No Land's Song (آواز بی‌سرزمین / Âvâz-e Bi-Sarzamin) is a 2014 Iranian documentary film written and directed by Ayat Najafi, starring Sara Najafi, Parvin Namazi, Sayeh Sodeyfi, Emel Mathlouthi, Elise Caron, and Jeanne Cherhal.

==Synopsis==
In the wake of the revolution of 1979, the new regime forbids women in Iran to sing publicly as soloists in front of men. (Note: "Since 1979, Iran has banned women from singing solo in public. The year marked the beginning of the Islamic Revolution and the start of a clampdown on Iranian society. Composer Sara Najafi and her female singer friends are determined to challenge this. They decide to organise a concert in the heart of Iran – its capital Tehran, inviting French and Tunisian female artists to take part. The concert is a celebration of the female voice – something that has been silenced for over 35 years.")

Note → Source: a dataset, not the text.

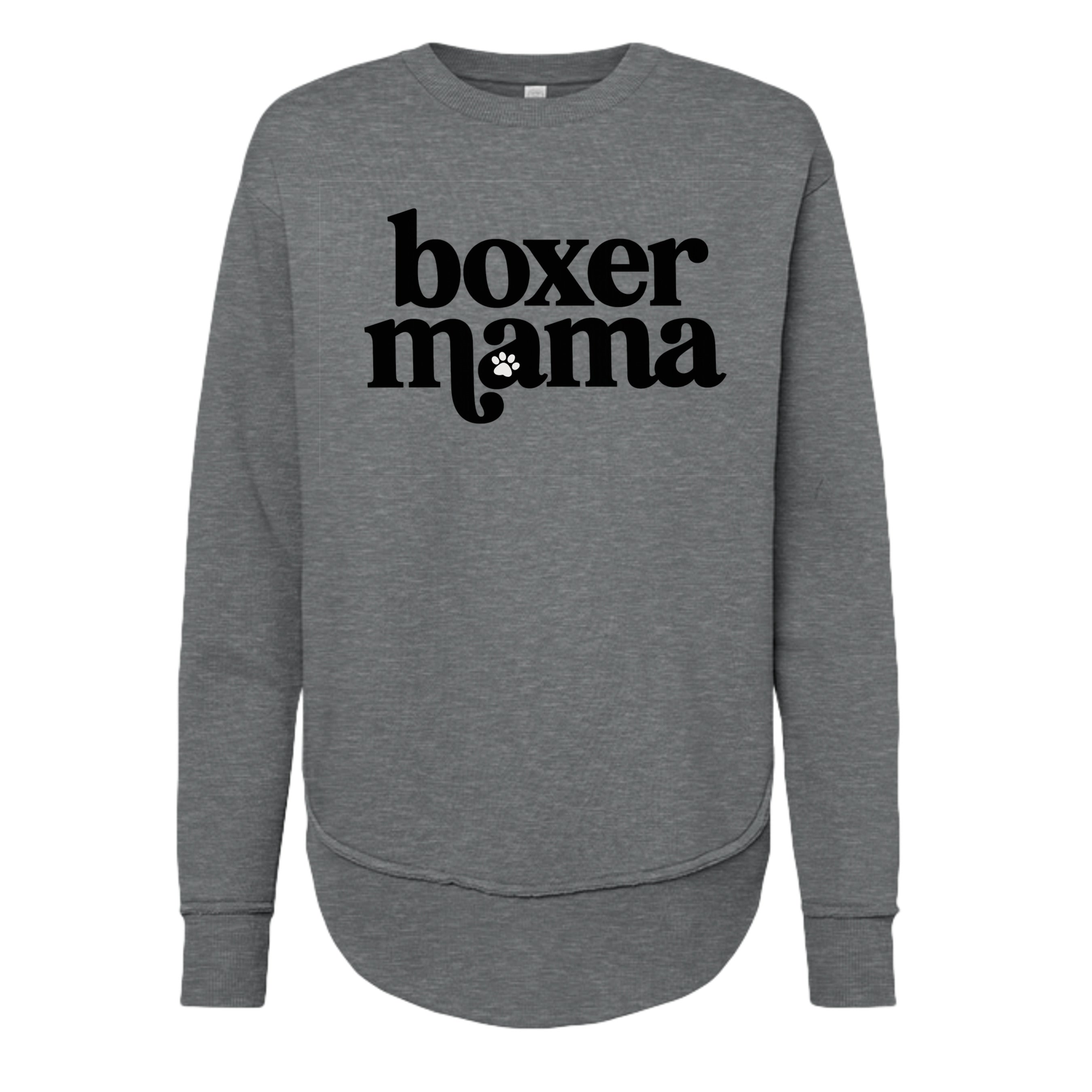 GRANITE HEATHER - 3525 - FRONT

In defiance of censorship and cultural, religious and legal taboos, a young composer named Sara Najafi decides to organize a concert for female solo singers.

Najafi starts to enlist others. She recruits two other Iranian singers – Parvin Namazi and Sayeh Sodeyfi – to join her. In turn, Namazi and Sodeyfi invite three female singers from Paris: Elise Caron, Jeanne Cherhal and Emel Mathlouthi. Their stated intention is to perform together as solo artists in a show to be held in Tehran. As the Iranian film festival states, this musical collaboration is said to reopen a "musical bridge" uniting France and Iran.

The documentary poses the question whether women will ever be successful in singing free, together, side by side, in front of a mixed audience, without restrictions or interference. Success in their immediate quest makes for a compelling drama. On the other hand, the long-term effect is more questionable.

It is said that the movie is an antidote to the misogynist excesses of the government. "The female voice is fading away", Najafi claims.

==Reception==
No Land's Song has received widespread praise. Some of the reviews:
- The Guardian: An "audacious" film and enterprise. Unfortunately, the respite from official oppression proved temporary — hard liners banned performances by females even as backing singers.
- The Hollywood Reporter: Much more than a 'let's do a show' movie, the reviewer considers it to be enthralling, riveting and empowering, even though its end is not suspenseful. The proffered religious justification for the ban is that female solo singing may be sexually arousing to male audience members, and is akin to putting too many ingredients into the soup. “Ayat Najafi's documentary is about the fight for a woman's right to sing in Iran.”
- Middle East Monitor: Facing endless barriers, the group struggles to its defiant and triumphant conclusion. "Inspired by the memories of ballsy female Iranian singer Qamar-ol-Moluk Vaziri who, in 1924, became the first female to perform without a hijab in front of men, they remain optimistic. ... In the concert she dedicates her solo to the Iranian youth from the Tunisian youth. Instead of a celebration of the female voice, it seems to have become a much more obvious act of rebellion" which conveys their emotion.
- The New York Times: Clearly showing courage in film making and thus deserving the Human Rights Watch International Nestor Almendros award, it is "candid in its views about the Iranian government’s attitudes toward women, it sears its protagonist’s story into the hearts of viewers with a narrative of artistic resistance, humor, friendship, and, ultimately, triumph in a country notorious for denying women’s rights."
- Variety: The film is a "gripping documentary" and "a finely tooled, multi-layered [film]." This "gripping chronicle of her efforts covers a nearly three-year period and is as full of ups and downs as a roller coaster, and bursting with beautiful music. The inspiring, enlightening, audience-friendly pic" should receive commercial as well as cultural success.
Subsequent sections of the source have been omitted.